No hay duda que hay una explicación misógina para esa burla sacrílega tanto en las narraciones medievales como en los grabados renacentistas: el artero poder de las mujeres que acaba doblegando incluso a los hombres más sabios. Muchos pudieron y pueden ver esta explicación como la más idónea.

Desde otro ángulo hay algo necesario en las aventuras de Virgilio y Aristóteles, que caen en un supuesto ridículo, no a pesar de que son sabios, sino precisamente porque son sabios. La puritana filosofía sin cuerpo de Occidente habría reprobado con seguridad conductas de este tipo, pero una filosofía con cuerpo -de los sentidos en igual medida que de la mente- comprendería la grandeza de esos gestos temerarios de los apócrifos Aristóteles y Virgilio de las leyendas medievales. El ridículo -o lo que otros califican de ridículo- forma parte de la iniciación del sabio.
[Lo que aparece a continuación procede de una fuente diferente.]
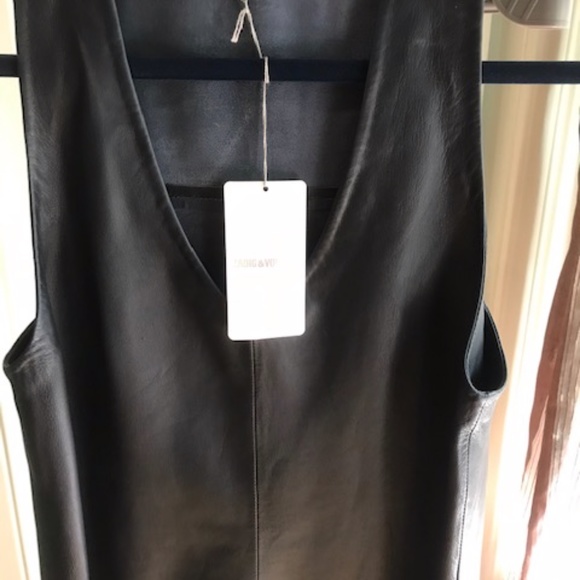 Zadig and Voltaire Leather dress - Picture 6 of 8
Esta perspectiva diferente es más fácil de corroborar desde el festín de Eros, desde esos grabados y dibujos que ilustran el laberinto del deseo. En su interior hay una sabiduría distinta a la que se derrama inútilmente en recovecos retóricos. Goethe, viejo como Aristóteles, pasó por una experiencia similar. No sabemos si hizo el ridículo, pero escribió la extraordinaria Elegía de Marienbad: '...mira, con alegre acuerdo, cara a cara, al instante. ¡Nada aplaces!'.